* _Your objective_:
All records, exactly as written, minus the pictures: copy them out.

* _Provided data_:
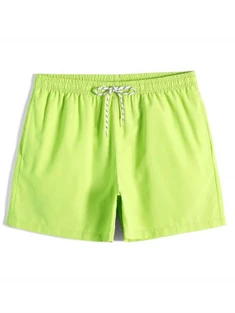 Shein Men Drawstring Waist Solid Swim Trunks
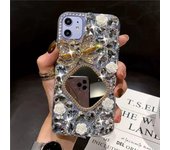 Bling Diamond Bead Chain Mirror Strap Phone Case For iphone 15 14 X XR XS 13 11 Pro Max 12 Pro  Cover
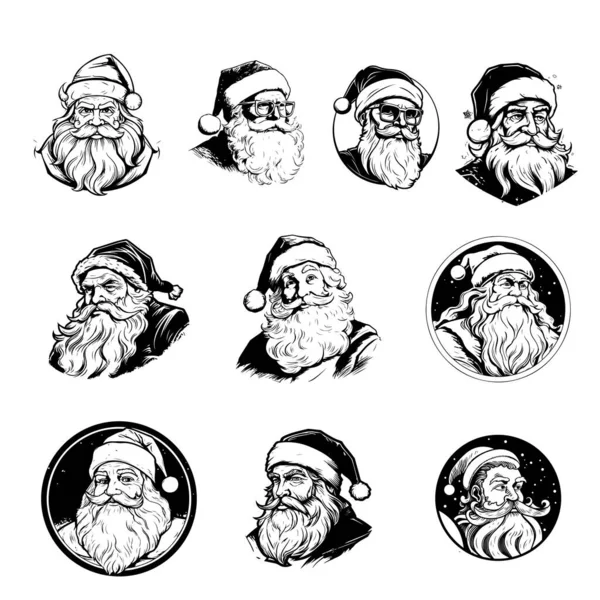 为您的设计提供一套圣诞老人线条艺术的简单图解 — 图库矢量图片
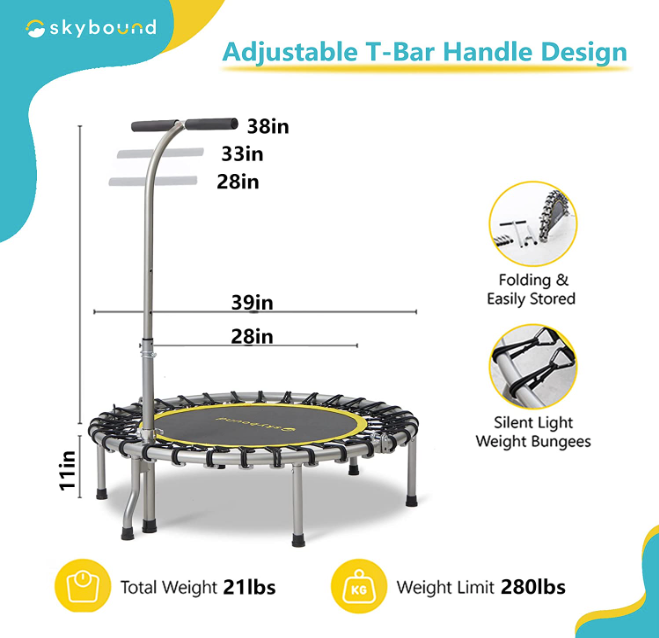 SkyBound Boogie Bounce Elite Foldable Mini Trampoline 39 Inch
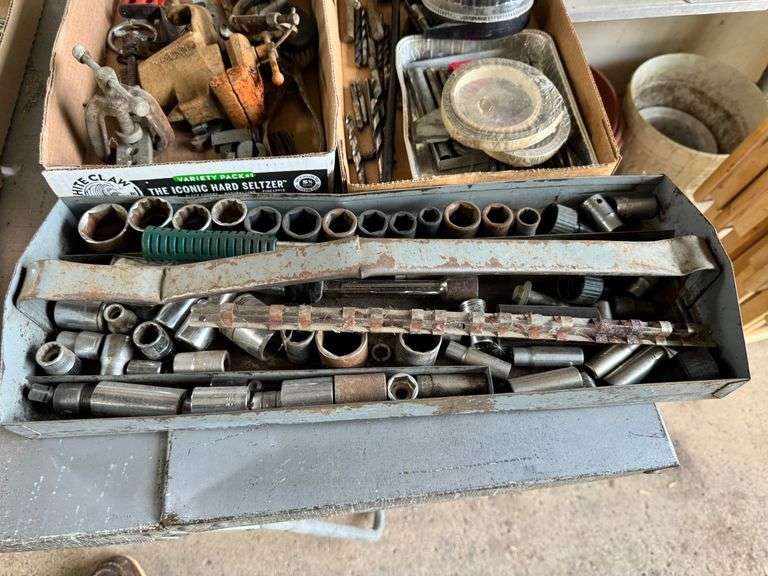 3 Boxes, Sockets, Vise, Drill Bits and Misc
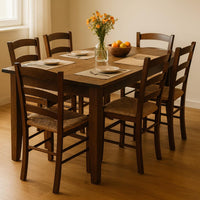 Sedia da pranzo Paesana in legno noce scuro con seduta in paglia cucina casa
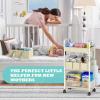 2In1 Baby Diaper Caddy & 3-Tier Rolling Cart, Diaper Caddy Organizer Carts with Dividers, Mobile Metal Utility Cart for Nursery Essentials, Detachable Bedside Cart, Large Capacity, White view 4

* _Solution to this problem_:
 Shein Men Drawstring Waist Solid Swim Trunks
 Bling Diamond Bead Chain Mirror Strap Phone Case For iphone 15 14 X XR XS 13 11 Pro Max 12 Pro  Cover
 为您的设计提供一套圣诞老人线条艺术的简单图解 — 图库矢量图片
 SkyBound Boogie Bounce Elite Foldable Mini Trampoline 39 Inch
 3 Boxes, Sockets, Vise, Drill Bits and Misc
 Sedia da pranzo Paesana in legno noce scuro con seduta in paglia cucina casa
 2In1 Baby Diaper Caddy & 3-Tier Rolling Cart, Diaper Caddy Organizer Carts with Dividers, Mobile Metal Utility Cart for Nursery Essentials, Detachable Bedside Cart, Large Capacity, White view 4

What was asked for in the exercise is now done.